Family businesses urged:Create succession plan now
CRAFTING an early and effective succession plan is necessary to maintain the sustainability of family businesses, according to a family business consultant.
At the Pandesal Forum of the Kamuning Bakery Café in Quezon City on Wednesday, professor and Wong & Bernstein Advisory Group Executive Director Enrique Soriano 3rd said such a plan should be written into a contract to avoid a “squabble” among family members in case the father, who usually heads the business, dies.
“We subject family business leaders [to an] iron-clad contract,” he said, adding that this should identify the deliverables of the succeeding business head.
“[Lay] a contract, a timeline, so that if the offspring underperform[s], there is an exit plan,” said Soriano, also a business columnist of The Manila Times.
According to him, the successor should be the most deserving and qualified person to lead the business to ensure that it would continue to operate smoothly.
Soriano stressed that the father or business head, after selecting his successor, should be able to equip the latter with enough company shares to have legal control over the business.
“Carelessly passing the baton to an unacceptable leader can also create irritation [and strain] relationship[s] among the siblings,” he said.
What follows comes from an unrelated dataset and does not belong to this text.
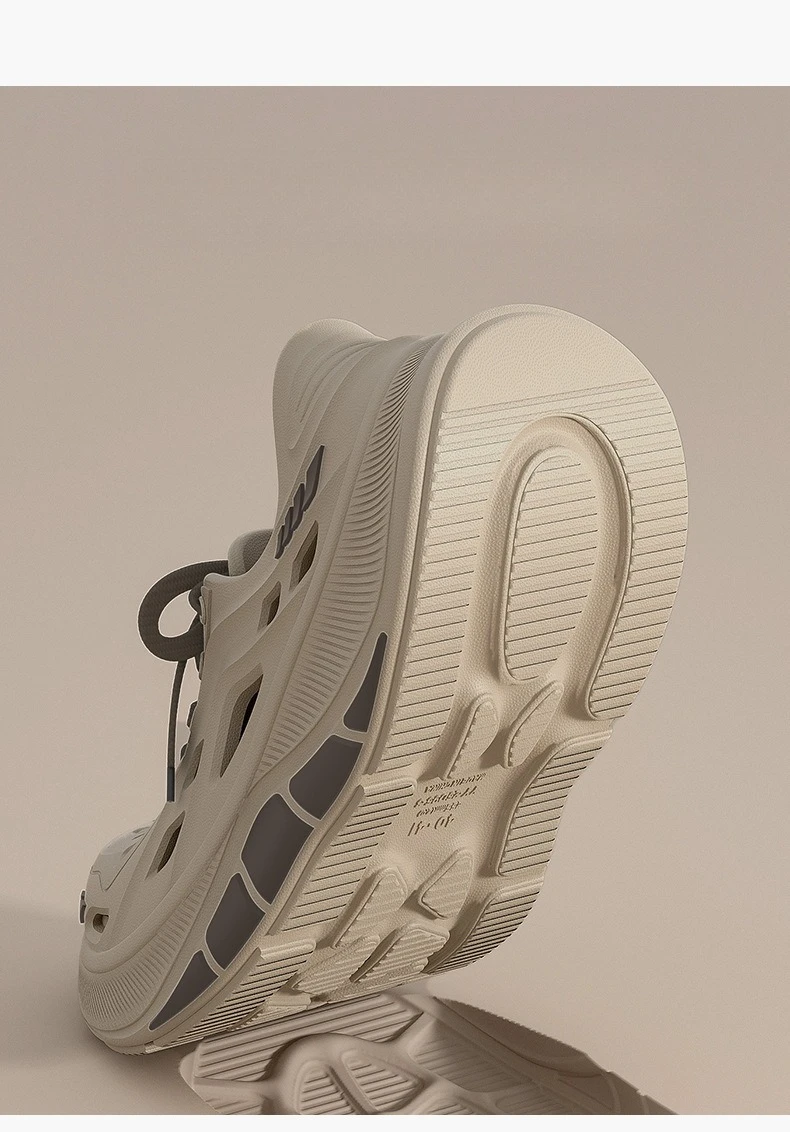 Thick soled perforated shoes for men summer new style driver's driving anti slip and anti odor soft bottom EVA sandals for men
“The most deserving should be given the biggest [shares]. So that when he leads the company, there would be no disruptions,” he added.
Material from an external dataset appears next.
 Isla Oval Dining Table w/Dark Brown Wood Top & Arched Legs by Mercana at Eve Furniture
The children should not be given equal shares, Soriano said, as this would only benefit the undeserving the most.
“Fair is equal, but equal is never fair,” he stressed.
For children with a minority share, they could be rewarded by other means, he said, citing insurance, real estate, jewelry and cash.
Besides the succession plan, Soriano said family businesses should also come up with rules of engagement for family members on tackling employment and ownership policies, among others.
A “tailor-made” family charter or constitution and a legally enforceable and binding shareholder agreement should also be put in place, he added.
An independent director or third-party consultant could be helpful in sorting out family business matters, according to Soriano.